Available for preorder (Seal Press and on-line booksellers). A new anthology that will be a great addition to the libraries of therapists and therapees alike.

Ever wonder about the process of therapy? You know how it affects you (hopefully well, and hopefully you’ve thought about it) but ever wonder what we, the therapists, might be experiencing? Well here you go. Thirty-five of us writers from both sides of the couch reveal, with candid narrative, the complications of these uniquely intimate relationships.

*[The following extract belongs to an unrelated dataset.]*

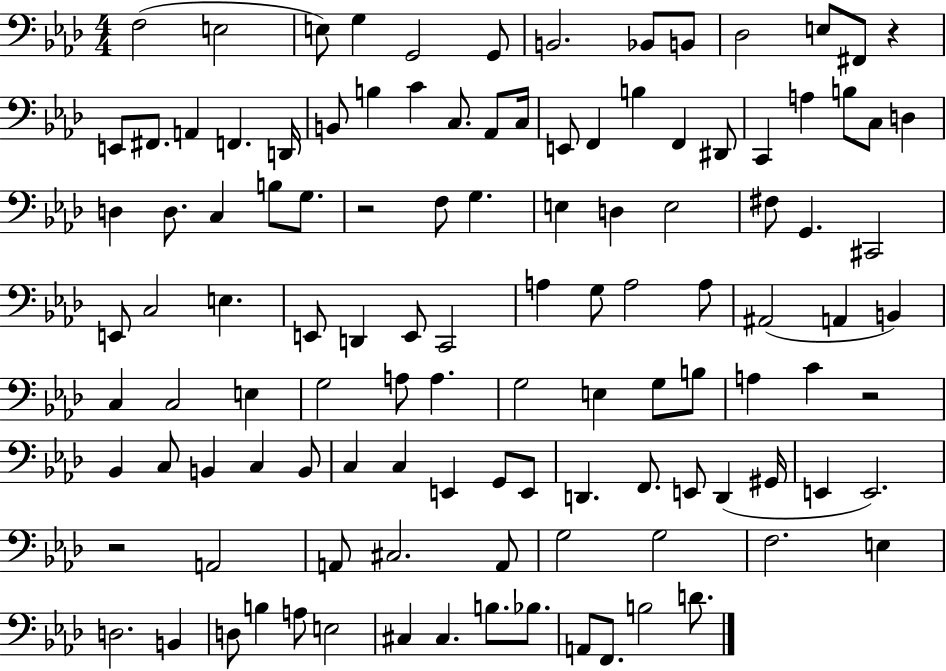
F3/h E3/h E3/e G3/q G2/h G2/e B2/h. Bb2/e B2/e Db3/h E3/e F#2/e R/q E2/e F#2/e. A2/q F2/q. D2/s B2/e B3/q C4/q C3/e. Ab2/e C3/s E2/e F2/q B3/q F2/q D#2/e C2/q A3/q B3/e C3/e D3/q D3/q D3/e. C3/q B3/e G3/e. R/h F3/e G3/q. E3/q D3/q E3/h F#3/e G2/q. C#2/h E2/e C3/h E3/q. E2/e D2/q E2/e C2/h A3/q G3/e A3/h A3/e A#2/h A2/q B2/q C3/q C3/h E3/q G3/h A3/e A3/q. G3/h E3/q G3/e B3/e A3/q C4/q R/h Bb2/q C3/e B2/q C3/q B2/e C3/q C3/q E2/q G2/e E2/e D2/q. F2/e. E2/e D2/q G#2/s E2/q E2/h. R/h A2/h A2/e C#3/h. A2/e G3/h G3/h F3/h. E3/q D3/h. B2/q D3/e B3/q A3/e E3/h C#3/q C#3/q. B3/e. Bb3/e. A2/e F2/e. B3/h D4/e.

I was excited to write a piece for this book, but I admit I entered the process with some trepidation. There are rules and boundaries to consider, there is the fear that revealing too much about myself will somehow affect my professionalism. My old-school training was heavy on opacity, as if our “blank-slatedness” could really be a neutral screen upon which the patient could project their unconscious defenses and anything less was poor care. As if a wedding ring or the type of shoes we wore or the way we decorated our office wasn’t a dead give-away as to who or what we were. So I wrote about a kind of transparency, a kind of love in my essay I’m Not Supposed to Love You. Not romantic love, not familial love, but a love that helps us do the work we do, a word that is often taboo in our profession. And not without good reason. We have likely heard of patients who were vulnerable to a therapist’s grossly inappropriate advances, or a therapist whose own training and supervision was grossly inadequate. Psychiatrists who used the power differential in a dangerous way. Or patients whose transference towards the therapist was misinterpreted. After decades in this field, not once has “love” steered me wrong. I am grateful to Seal Press (they go there) and editor Sherry Amatenstein for putting together this collection. Publication date September 6, 2016. Stay tuned for book release events.

From “I’m Not Supposed to Love You”…

This is not about you. The “I love you” piece. It’s about me as a therapist, a psychiatric nurse      practitioner, a clinician, and how I’m not supposed to love you. I learned that rule in my education and training at a big university hospital where even a handshake was considered a slippery slope to major boundary violations. But of course I do. Ask anyone in the therapy field about what we call transference and countertransference, that transaction of feelings between therapist and patient. How it affects what we think of you. How it might deeply affect the decisions we both make. And how to differentiate between the dangerous feelings and the safe, human feelings. I’m not your friend or your mother. You hire me to have a cold, clinical eye and to keep you safe with the right medication, the right therapy. And I need to keep me safe. Because we know how messy emotions get. Isn’t that what brought us here in the first place?”